Die Letsplayer verkörpern ein typisches Genre, das es im »echten« Fernsehen nie schaffen konnte, weil immer irgendeinem Erwachsenen die teure Sendezeit dafür zu schade war. Auf Youtube funktionieren solche Formate aber hervorragend: Weil die Plattform nie etwas löschen muss und ständig Neues hinzukommt, wird sie laufend noch interessanter! Denn hat man einen neuen Lieb-lings-Youtuber oder eine neue Lieblings-Youtuberin ausgemacht, kann man oft erst einmal Hunderte Stunden rückwärts gucken. Und genau deshalb hat für fast alle Kinder Youtube den Wettbewerb mit dem »normalen Fernseher« inzwischen haushoch gewonnen: Es läuft einfach immer sofort was Lustiges – auf ARD, ZDF, RTL und Co. dagegen fast nie! Manche Kinder würden, wenn sie dürften, sofort mehr Zeit mit ihren Lieblings-Youtubern verbringen als mit ihren Eltern. Ich bin mir aber sicher, liebe Eltern: Wir hätten Youtube als Kinder auch geliebt. Sehr sogar.

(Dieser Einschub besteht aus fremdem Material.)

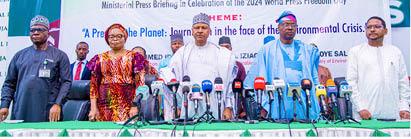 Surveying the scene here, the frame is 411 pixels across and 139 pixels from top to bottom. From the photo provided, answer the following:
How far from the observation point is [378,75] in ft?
12.5

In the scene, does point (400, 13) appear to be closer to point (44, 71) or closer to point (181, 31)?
point (181, 31)

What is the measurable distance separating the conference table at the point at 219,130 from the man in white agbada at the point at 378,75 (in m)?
1.44

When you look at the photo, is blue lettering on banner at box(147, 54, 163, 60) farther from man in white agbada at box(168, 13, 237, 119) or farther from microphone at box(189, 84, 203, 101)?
microphone at box(189, 84, 203, 101)

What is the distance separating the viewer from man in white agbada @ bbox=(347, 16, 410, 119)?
3779 mm

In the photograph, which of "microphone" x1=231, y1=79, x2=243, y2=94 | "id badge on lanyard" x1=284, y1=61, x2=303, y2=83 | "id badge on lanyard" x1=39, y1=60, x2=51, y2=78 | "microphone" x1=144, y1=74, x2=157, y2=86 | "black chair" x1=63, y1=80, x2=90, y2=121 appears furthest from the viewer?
"black chair" x1=63, y1=80, x2=90, y2=121

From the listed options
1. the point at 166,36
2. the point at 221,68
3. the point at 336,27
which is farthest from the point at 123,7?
the point at 336,27

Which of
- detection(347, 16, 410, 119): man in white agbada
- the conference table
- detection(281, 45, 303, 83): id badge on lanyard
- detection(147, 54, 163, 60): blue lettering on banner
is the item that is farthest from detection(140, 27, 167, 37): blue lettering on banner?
the conference table

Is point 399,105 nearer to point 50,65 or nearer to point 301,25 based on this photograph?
point 301,25

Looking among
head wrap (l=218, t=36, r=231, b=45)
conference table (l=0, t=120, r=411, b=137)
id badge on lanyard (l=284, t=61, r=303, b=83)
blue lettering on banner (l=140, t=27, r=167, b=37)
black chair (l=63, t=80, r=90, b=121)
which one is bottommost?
conference table (l=0, t=120, r=411, b=137)

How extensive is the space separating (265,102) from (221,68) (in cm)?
55

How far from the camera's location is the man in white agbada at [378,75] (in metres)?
3.78

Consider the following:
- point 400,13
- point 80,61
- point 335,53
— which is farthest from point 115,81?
point 400,13

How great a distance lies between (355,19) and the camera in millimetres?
4742

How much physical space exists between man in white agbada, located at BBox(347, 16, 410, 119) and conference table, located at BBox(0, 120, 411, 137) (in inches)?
56.9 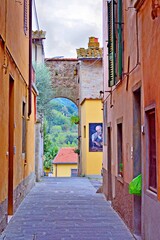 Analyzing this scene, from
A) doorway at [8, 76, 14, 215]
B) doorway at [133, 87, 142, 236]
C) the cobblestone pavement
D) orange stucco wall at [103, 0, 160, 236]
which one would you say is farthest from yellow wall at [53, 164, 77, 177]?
doorway at [133, 87, 142, 236]

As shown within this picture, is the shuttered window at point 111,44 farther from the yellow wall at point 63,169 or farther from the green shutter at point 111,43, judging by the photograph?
the yellow wall at point 63,169

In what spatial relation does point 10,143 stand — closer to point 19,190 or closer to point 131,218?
point 19,190

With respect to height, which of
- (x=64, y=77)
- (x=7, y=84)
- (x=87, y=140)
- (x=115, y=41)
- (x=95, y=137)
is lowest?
(x=87, y=140)

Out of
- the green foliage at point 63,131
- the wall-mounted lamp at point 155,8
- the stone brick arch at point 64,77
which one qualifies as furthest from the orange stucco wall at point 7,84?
the green foliage at point 63,131

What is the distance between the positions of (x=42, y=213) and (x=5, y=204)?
2.01 metres

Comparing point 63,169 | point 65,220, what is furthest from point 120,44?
point 63,169

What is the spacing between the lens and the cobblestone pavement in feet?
24.6

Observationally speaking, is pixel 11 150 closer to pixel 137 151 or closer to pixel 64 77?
pixel 137 151

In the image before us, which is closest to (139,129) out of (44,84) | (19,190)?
(19,190)

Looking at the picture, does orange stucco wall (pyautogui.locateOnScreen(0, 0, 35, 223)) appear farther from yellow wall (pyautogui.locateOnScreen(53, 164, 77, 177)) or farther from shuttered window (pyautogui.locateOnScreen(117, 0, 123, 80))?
yellow wall (pyautogui.locateOnScreen(53, 164, 77, 177))

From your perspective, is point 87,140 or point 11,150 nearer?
point 11,150

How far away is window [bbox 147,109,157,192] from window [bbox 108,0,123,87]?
3.09m

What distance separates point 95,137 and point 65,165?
52.7 ft

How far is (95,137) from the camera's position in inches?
878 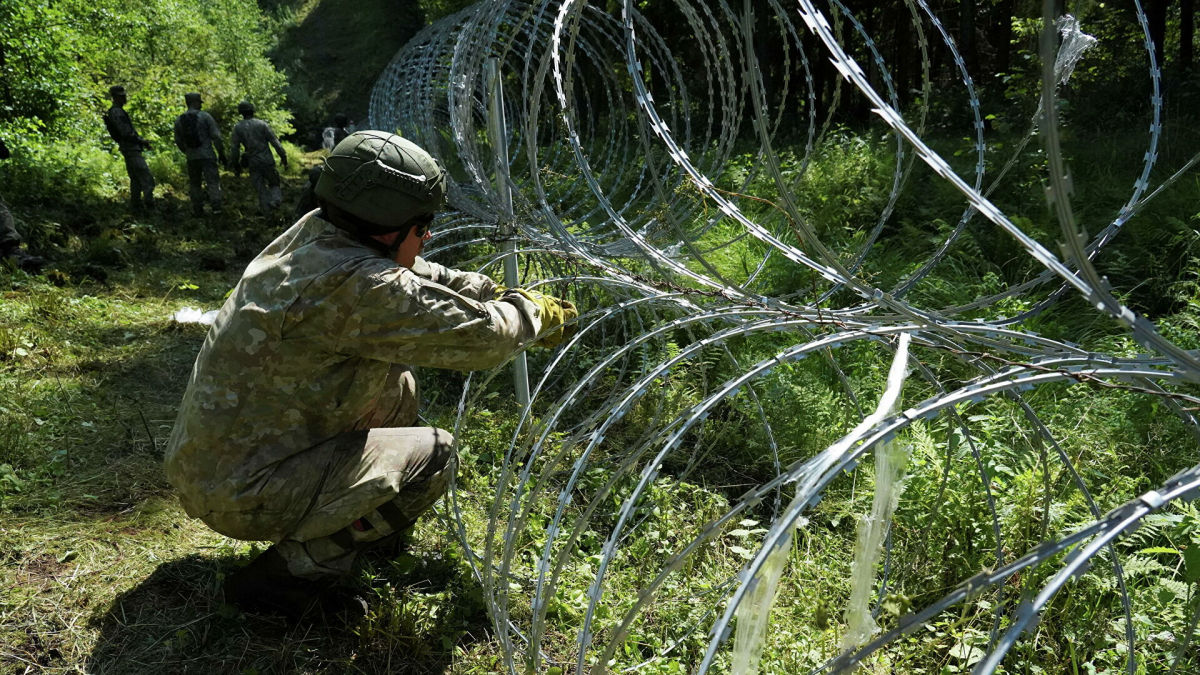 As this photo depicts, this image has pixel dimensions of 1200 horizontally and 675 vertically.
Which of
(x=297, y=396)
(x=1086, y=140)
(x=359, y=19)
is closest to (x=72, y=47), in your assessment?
(x=297, y=396)

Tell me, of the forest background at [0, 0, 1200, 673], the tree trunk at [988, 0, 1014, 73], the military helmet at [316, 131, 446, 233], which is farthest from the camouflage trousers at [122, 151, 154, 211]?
the tree trunk at [988, 0, 1014, 73]

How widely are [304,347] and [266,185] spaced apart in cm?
961

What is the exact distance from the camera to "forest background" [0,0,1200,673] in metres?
2.73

Tiktok: Feuerwerk der Sensationen!
Auf welcher App können Kinder einen Cybertruck sehen, der sich auf einer Sanddüne überschlägt, eine sexy Bauchtanz-Challenge, eine Bowling-Kugel, die in Zeitlupe von einer Hydraulik-Presse zerquetscht wird, einen supercoolen Fußball-Trick UND einen Polizisten, der volle Kanne eine Sahnetorte ins Gesicht bekommt – das Ganze auch noch innerhalb einer Minute? Tiktok hat mit seinem Trommelfeuer der Sensationen in den letzten Jahren einen beispiellosen Run bei der Jugend der Welt hingelegt und inzwischen über eine Milliarde Nutzer gewonnen (außerhalb von China!) – davon in Deutschland etwa 20 Millionen. Und natürlich hat sich inzwischen auch in unseren Grundschulen herumgesprochen, dass auf Tiktok wirklich viel geboten ist.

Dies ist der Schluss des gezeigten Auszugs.